Conservative columnist Deroy Murdock has an interesting piece today that takes a look at what Sens. Barack Obama, D-Ill., and John McCain, R-Ariz., pay their Senate staffers.
Using the public information compiled on the Web site of the non-partisan group Legistorm, Murdock concludes that, on average, women in McCain's office are paid more than the men in McCain's office -- $1.04 for every dollar a man makes. Men in Obama's office make more than women do; female employees make 83 cents for every dollar made by male employees.
Murdock frames this as an issue of pay equity, but it's not really -- if anything, it's more a matter of a "glass ceiling."
(Or, at least, that's what feminist groups would likely be saying if the situations were reversed.)
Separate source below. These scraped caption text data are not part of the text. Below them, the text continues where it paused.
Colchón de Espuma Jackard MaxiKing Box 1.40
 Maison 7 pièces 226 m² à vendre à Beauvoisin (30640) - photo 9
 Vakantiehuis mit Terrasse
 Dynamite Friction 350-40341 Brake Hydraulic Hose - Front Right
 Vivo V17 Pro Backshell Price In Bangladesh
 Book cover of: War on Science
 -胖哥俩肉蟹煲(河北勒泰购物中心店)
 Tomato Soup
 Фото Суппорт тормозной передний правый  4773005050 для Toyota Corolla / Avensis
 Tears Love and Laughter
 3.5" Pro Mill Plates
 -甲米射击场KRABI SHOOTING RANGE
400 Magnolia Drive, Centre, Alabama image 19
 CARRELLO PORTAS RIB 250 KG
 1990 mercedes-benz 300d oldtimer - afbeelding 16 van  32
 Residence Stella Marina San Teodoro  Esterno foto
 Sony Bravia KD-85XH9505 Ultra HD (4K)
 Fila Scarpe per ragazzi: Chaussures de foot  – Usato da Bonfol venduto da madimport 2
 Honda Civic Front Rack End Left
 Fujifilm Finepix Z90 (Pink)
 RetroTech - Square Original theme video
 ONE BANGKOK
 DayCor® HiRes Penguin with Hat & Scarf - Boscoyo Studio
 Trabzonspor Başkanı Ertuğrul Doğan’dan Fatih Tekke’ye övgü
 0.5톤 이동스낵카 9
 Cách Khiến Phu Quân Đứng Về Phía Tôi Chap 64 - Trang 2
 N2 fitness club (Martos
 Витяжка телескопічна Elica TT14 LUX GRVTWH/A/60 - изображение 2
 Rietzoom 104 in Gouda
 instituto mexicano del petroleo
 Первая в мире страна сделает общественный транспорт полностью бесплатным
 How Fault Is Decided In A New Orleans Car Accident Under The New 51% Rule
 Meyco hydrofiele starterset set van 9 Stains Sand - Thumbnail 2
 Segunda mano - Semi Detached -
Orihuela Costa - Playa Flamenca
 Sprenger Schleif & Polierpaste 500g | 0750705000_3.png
Only one of Obama's five best-paid Senate staffers is a woman. Of McCain's five best-paid Senate staffers, three are women.
Of Obama's top 20 salaried Senate staffers, seven are women. Of McCain's top 20 salaried Senate staffers, 13 are women.
The Obama campaign does not dispute Murdock's figures (and neither does the McCain campaign), but Obama campaign spox Ben LaBolt argues that it's a much different situation on Obama's presidential campaign.
Obama's campaign is jam-packed with high-ranking women, LaBolt says, citing Senior Advisor Valerie Jarrett, Senior Advisor Michelle Obama, Chief of Staff Stephanie Cutter, Senior Advisor Linda Douglass, VP Chief of Staff Patti Solis Doyle, VP Communications Director Ricki Seidman, National Finance Chair Penny Pritzker, Policy Director Heather Higginbottom, Domestic Policy Director Neera Tanden, Director of Rapid Response Christina Reynolds, Senior Adviser Anita Dunn, Senior Speechwriter Sarah Hurwitz, Battleground States Director Jen O’Malley, Research Director Devorah Adler, Director of Scheduling and Advance Alyssa Mastromonaco, Chief Financial Officer Marianne Markowitz, Chief Operations Officer Betsy Myers, and the woman whom LaBolt says is the campaign's highest-paid official, Finance Director Julianna Smoot. (Nice work, Jules.)
How many employees total does Obama consider "senior staffers"? How do the numbers of high-ranking women on the Obama campaign -- and their salaries -- stack up?
These questions are as yet unanswered.